Pampers diapers  4,120 yen for 240 diapers
clamshell of Blueberries:  898 yen
Large Cost-co  pizza: 1,200 yen
small container of strawberries:  1,200 yen

So, at the end of the shopping venture, we walked away only spending 17,400 yen (I will only tell you the conversion is 76 yen to the dollar right now!)

The best part of the trip had to be the samples and food court.  I have never seen such orderly lines for samples.  None of this walking up and crowding in to get a sample.  You make a neat, orderly line (sometimes 20 people long) for a sample of chicken nuggets, noodles, coffee or bread.  What a hoot!!  Below is a great picture of Tom standing in line to fix a hot dog.  A very orderly line to add your onions, relish, ketchup and mustard.  Of course, as most of you know, the presentation of food is very important in Japan, and that includes piling on the sauerkraut on your hot dog at the Cost-Co food court area.  These were gourmet hot dogs when all is said and done.

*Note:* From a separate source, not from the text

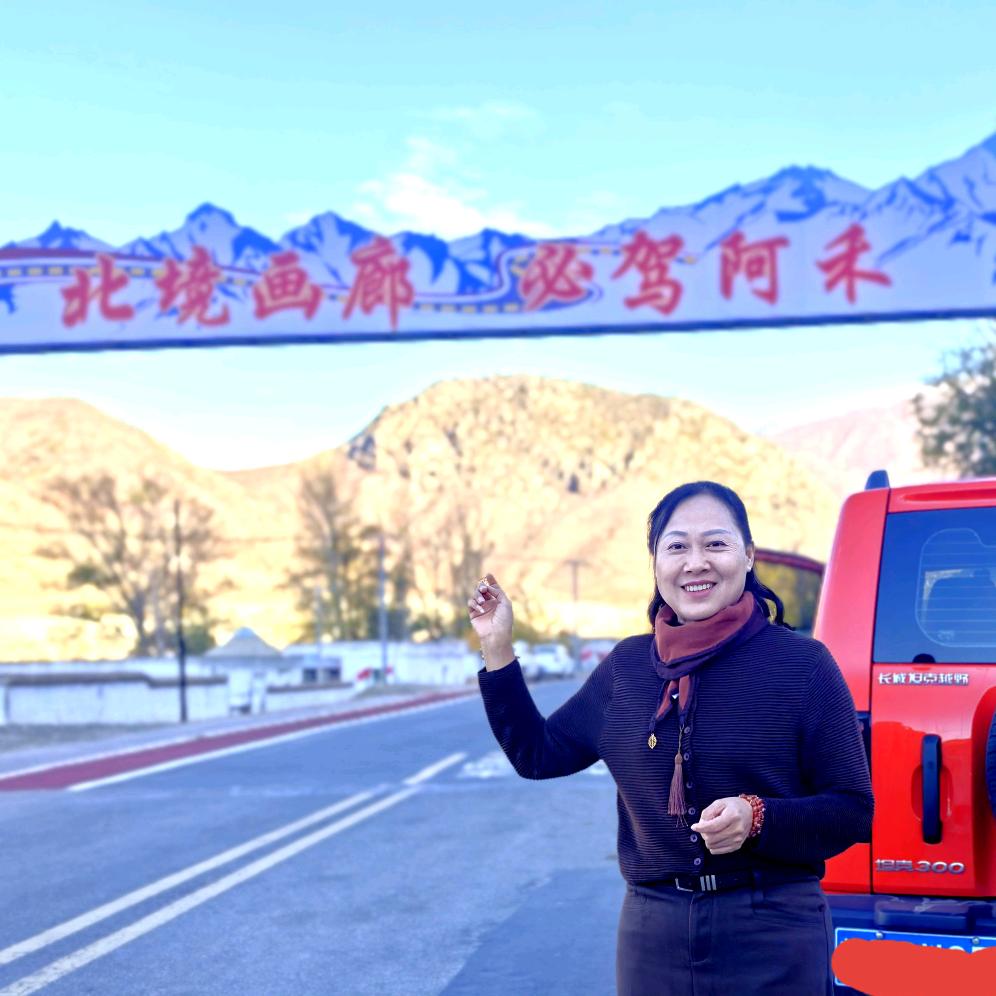 葵都一姐 凤凤石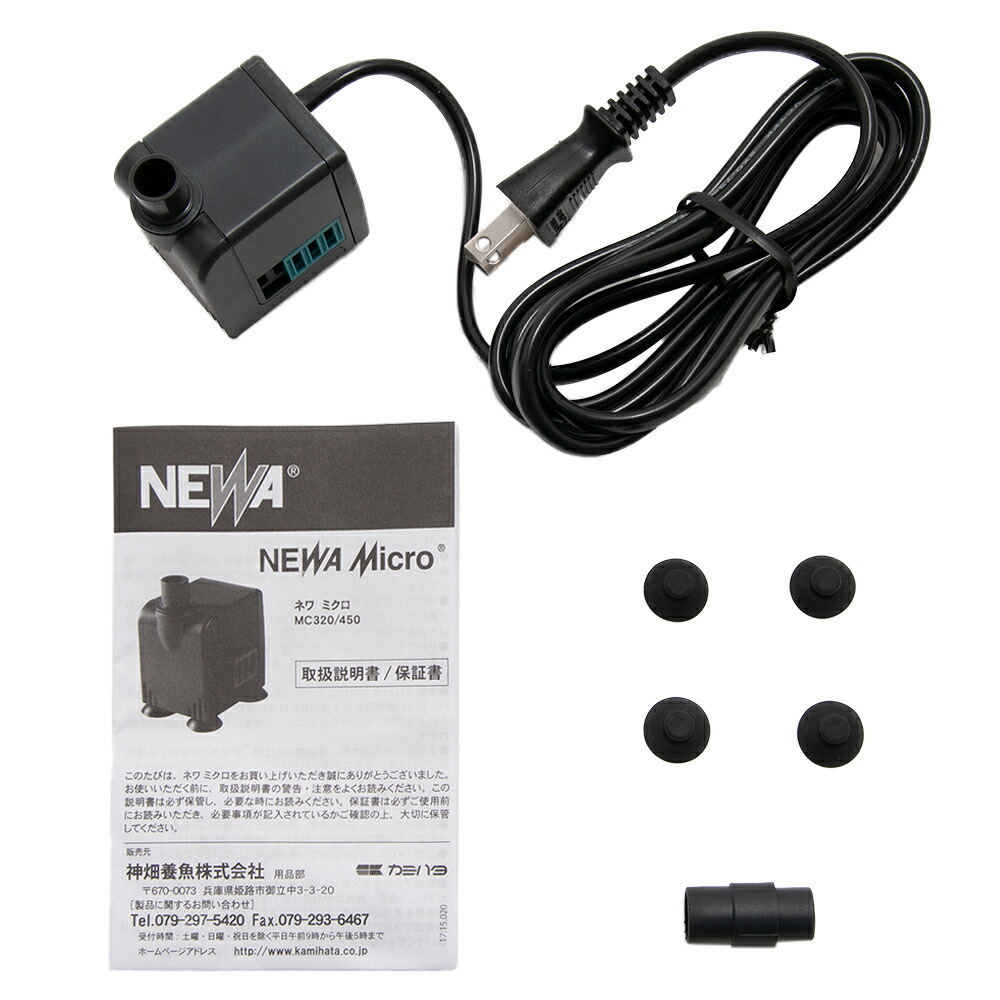 ５０ｈｚ 東日本用 流量調整 ｍｉｃｒｏ 水中ポンプ ２５ ４３０ｌ ｍｃ４５０ ｎｅｗａ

We were thrilled with our purchase of a case of soymilk, gloves, juice and a couple of items for meals. We even found Evan a new book for Christmas as they have an entire section of English children's books.  Just not any movies that will play on our DVD player.  I am sure Cost-Co will continue to be a part of the Peasley's lively hood for quite sometime.

So, week three has been eventful with Tom starting work, a new VPN to enjoy American television shows on the computer, Tom officially being retired from the AF on 01 December 2011, 2 earthquakes, a building fire alarm and a pet rabbit sighting.  Oh yes, we also saw a snow monkey doing tricks today.  Years ago when we lived at Japan, Tom reported to security forces that he had seen a snow monkey on base.  He has now witnessed two snow monkeys in his life, one on a fence and one doing tricks.   I've never been a fan of animals that entertain, so I will exit the soapbox before I even step foot on it.

View from our front door of downtown Roppongi
Christmas cakes, a Japanese tradition that the Peasley family will be immediately "diving into."  This tradition only costs 2,990 yen to indulge in.